Pictures with short captions
+ + + + +
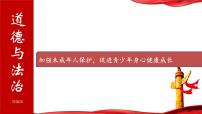 加强未成年人保护，促进青少年身心健康成长  课件  2024年中考道德与法治 时政热点专题复习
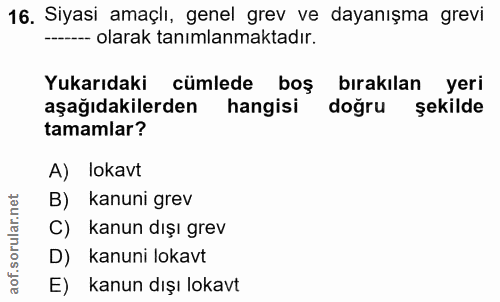 16. soru: Siyasi amaçlı, genel grev ve dayanışma grevi --- olarak tanımlanmaktadır. Yukarıdaki cümlede boş bırakılan yeri aşağı…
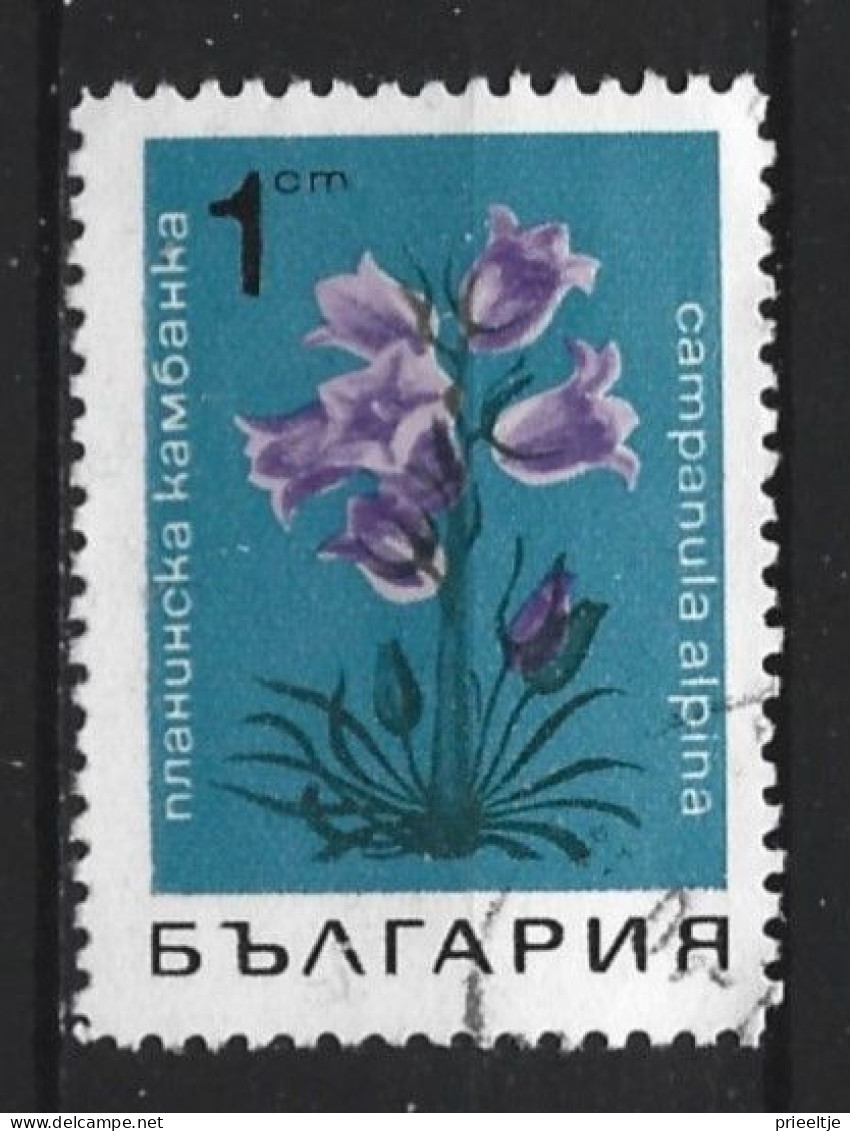 Bulgaria 1968 Flowers  Y.T. 1583 (0) - Usati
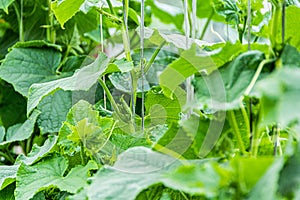 Green cucumber shoots with leaves in farmer greenhouse, young cucumber bushes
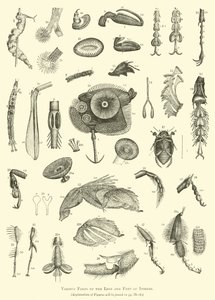 Various Parts of the Legs and Feet of Insects by English School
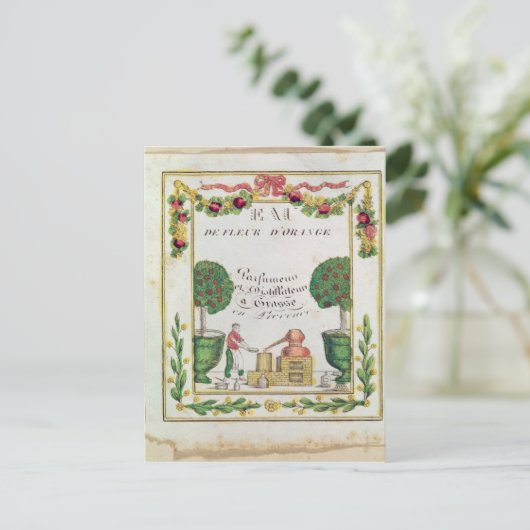 Vignette of "Eau de Fleur d'Oranje" Briefkaart (Staand voorkant)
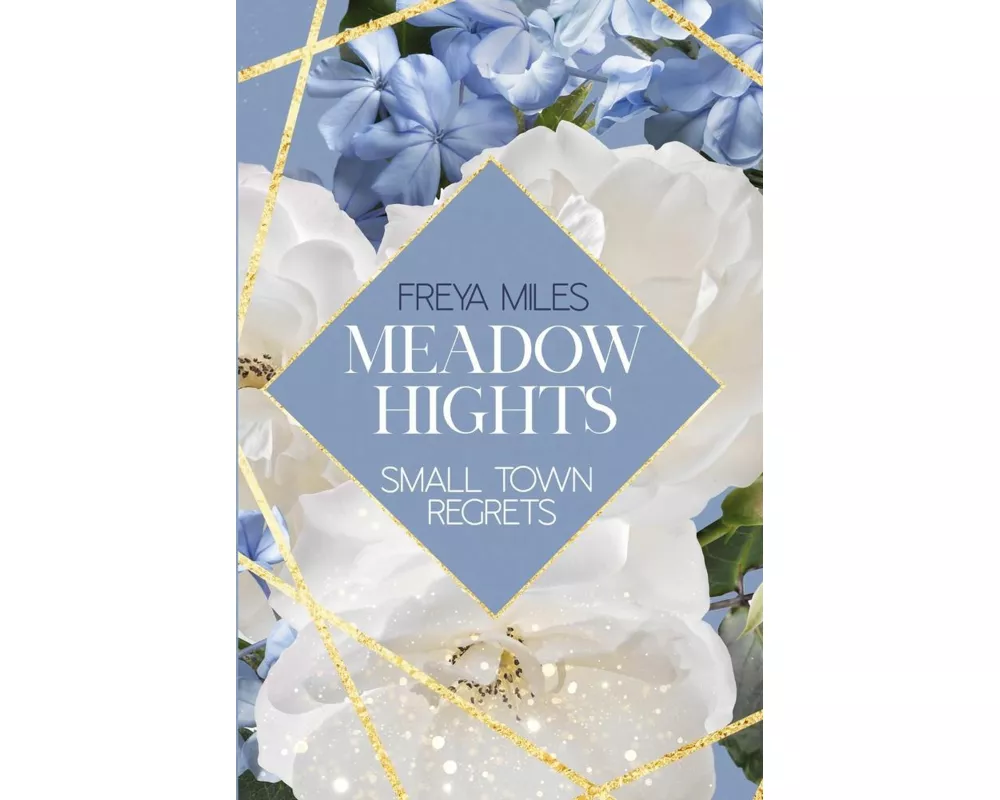 Meadow Hights: Small Town Regrets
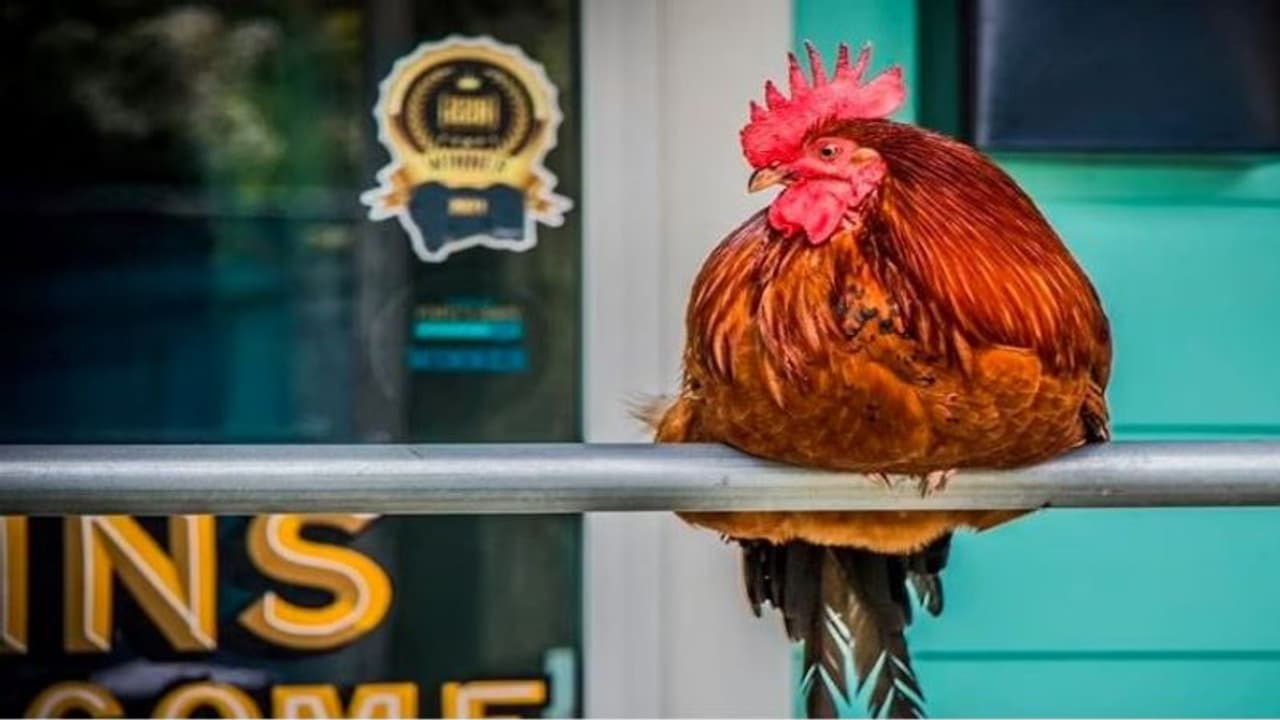 मशहूर मुर्गे की पुलिस अधिकारी ने कर दी हत्या, खूब रोया शहर, लाश का अब तक पता नहीं, लोगों ने की अनोखी डिमांड 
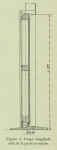 Huwart (1905, fig.3) Huwart (1905, fig.3)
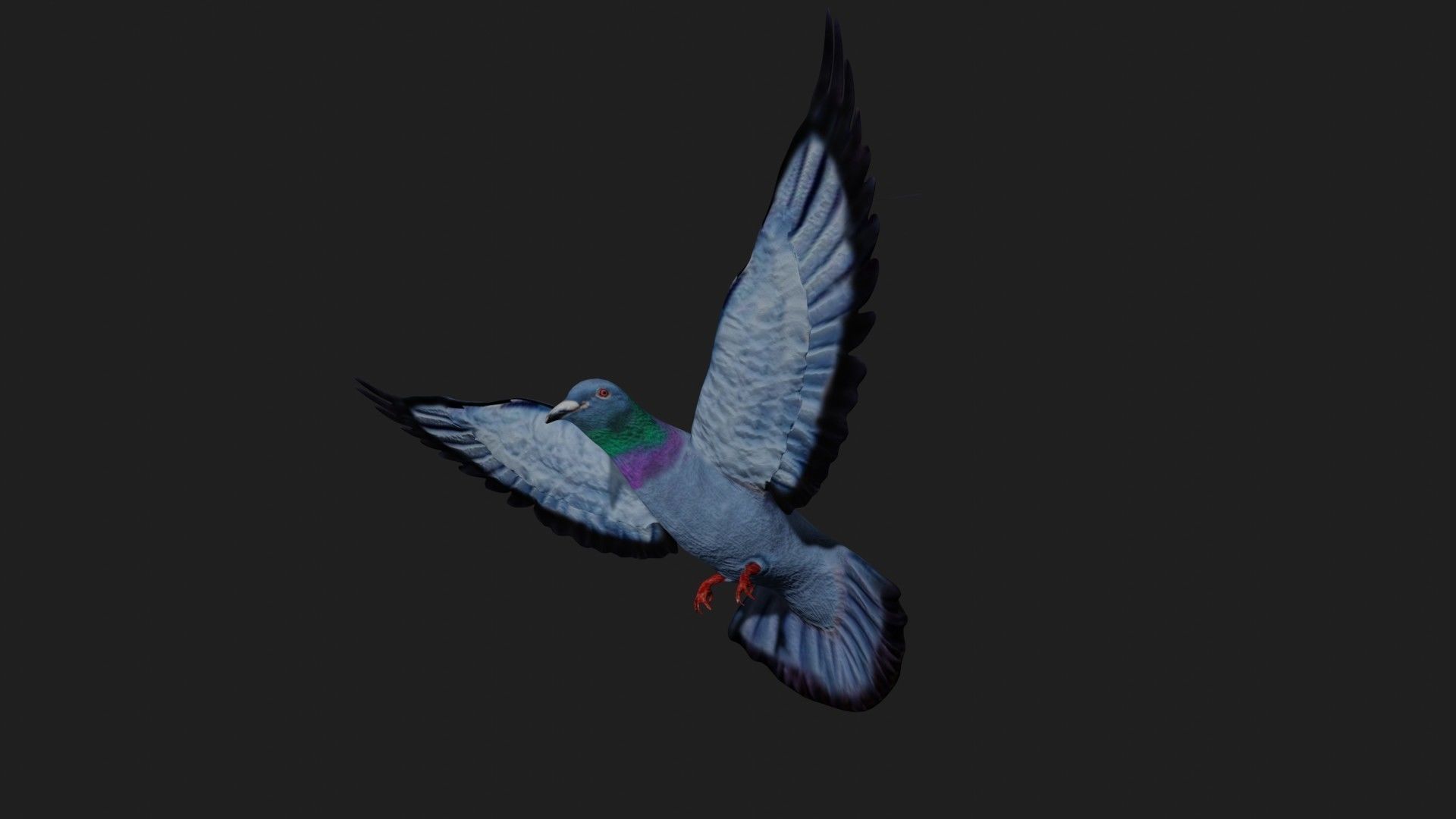 Pigeon in flight Low-poly 3D model_2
+ + + + +
What you are asked to do:
Pictures don't belong in the copy. Transcribe every record exactly as it appears.

Written answer:
 加强未成年人保护，促进青少年身心健康成长  课件  2024年中考道德与法治 时政热点专题复习
 16. soru: Siyasi amaçlı, genel grev ve dayanışma grevi --- olarak tanımlanmaktadır. Yukarıdaki cümlede boş bırakılan yeri aşağı…
 Bulgaria 1968 Flowers  Y.T. 1583 (0) - Usati
 Green cucumber shoots with leaves in farmer greenhouse, young cucumber bushes
 Various Parts of the Legs and Feet of Insects by English School
 Vignette of "Eau de Fleur d'Oranje" Briefkaart (Staand voorkant)
 Meadow Hights: Small Town Regrets
 मशहूर मुर्गे की पुलिस अधिकारी ने कर दी हत्या, खूब रोया शहर, लाश का अब तक पता नहीं, लोगों ने की अनोखी डिमांड 
 Huwart (1905, fig.3) Huwart (1905, fig.3)
 Pigeon in flight Low-poly 3D model_2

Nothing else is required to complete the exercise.